Some drone owners do not welcome the idea of regulations, like Rick Bias, who has found a hobby in drone racing and maneuvering.

“Drones, specifically the small quadcopter ones that are used recreationally are harmless,” said Bias. “I personally don’t see the need to have laws that inhibit how they are used.”

Bias mentioned that it made more sense to set guidelines that the police need to follow.

“If law enforcement wants to use drones to monitor the cities from the sky, it makes sense to make sure they have restrictions they must abide by,” said Bias. “If they seek to use drones officially then they must have some limitations to when and how they are used.”

Bao Le, who has both operated and made his own drones, mentioned that he understands what the Attorney General is seeking to do.

“It was only a matter of time,” said Le. “Drones are something that are nearly everywhere now and the technology is something that has improved.
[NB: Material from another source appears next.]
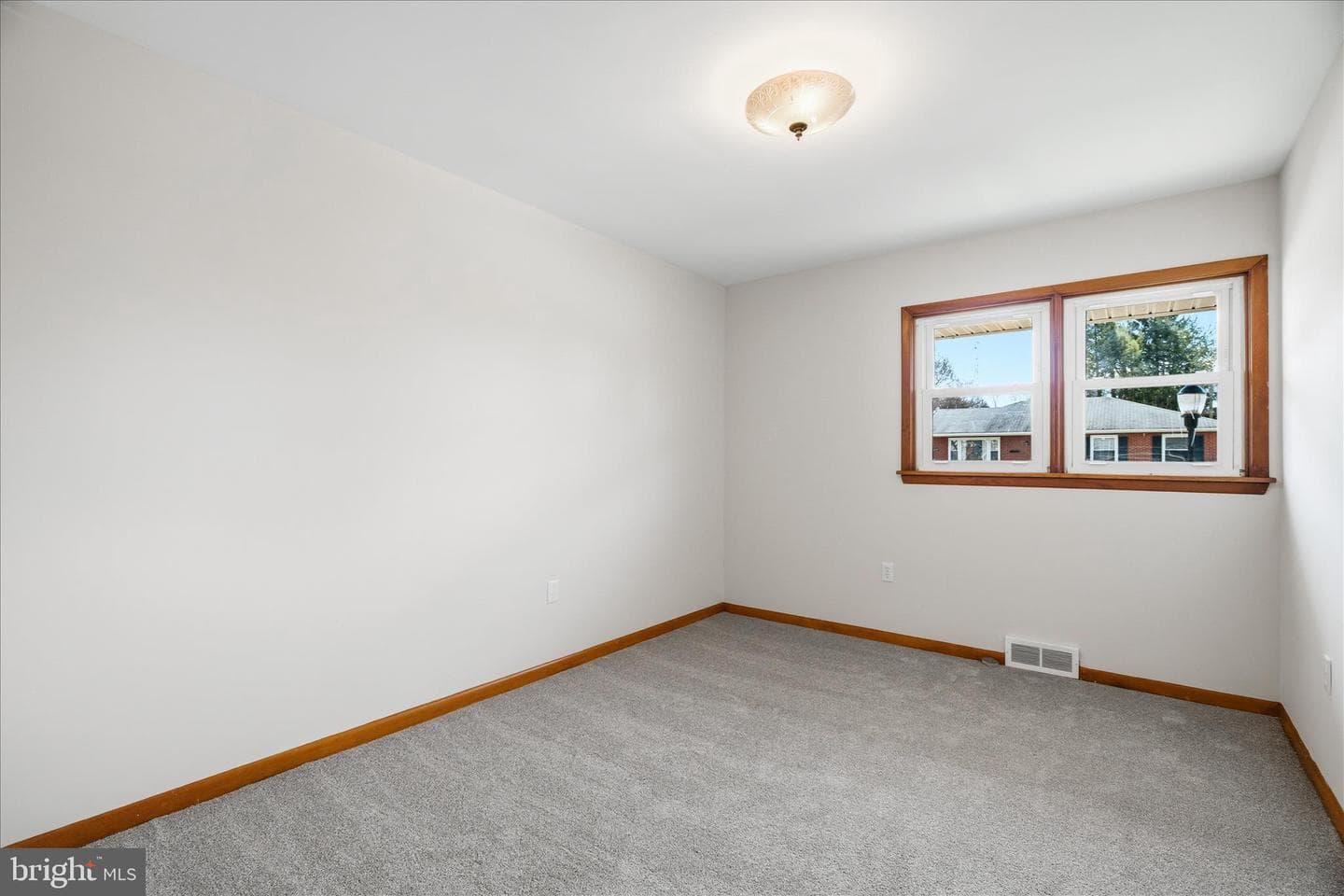 615 Taney Avenue photo 23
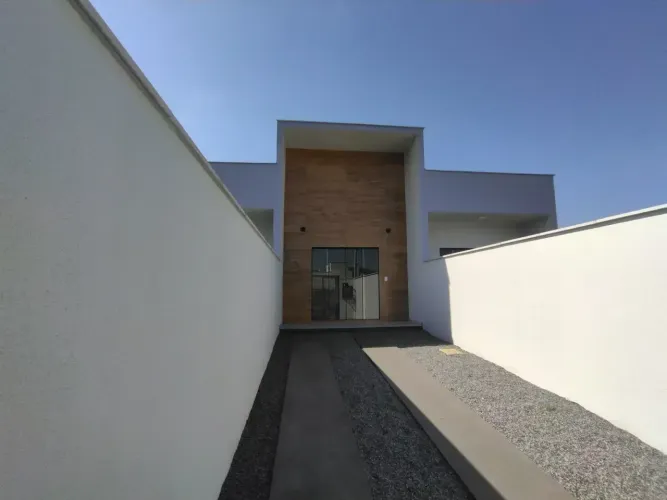 GEMINADA TÉRRA A VENDA NO LOTEAMENTO SANTA CLARA II EM GUARAMIRIM - 02 QUARTOS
They can now be controlled for great distance and can be used to carry objects or provide surveillance.”

Le felt that police implementation of drones was a good idea.

“I mean it makes sense for the state to look into it,” said Le. “Drones can move into areas and move with and around different obstacles. So I can see the usefulness from a police perspective.”

There has currently been no Ohio legislation passed regarding drones, so only some federal laws apply. Even if someone feels that a drone is violating their privacy, it cannot be shot down.

Ironically, businesses are forced to register their use of drones, but nothing has been made to regulate drones for ‘recreational’ use.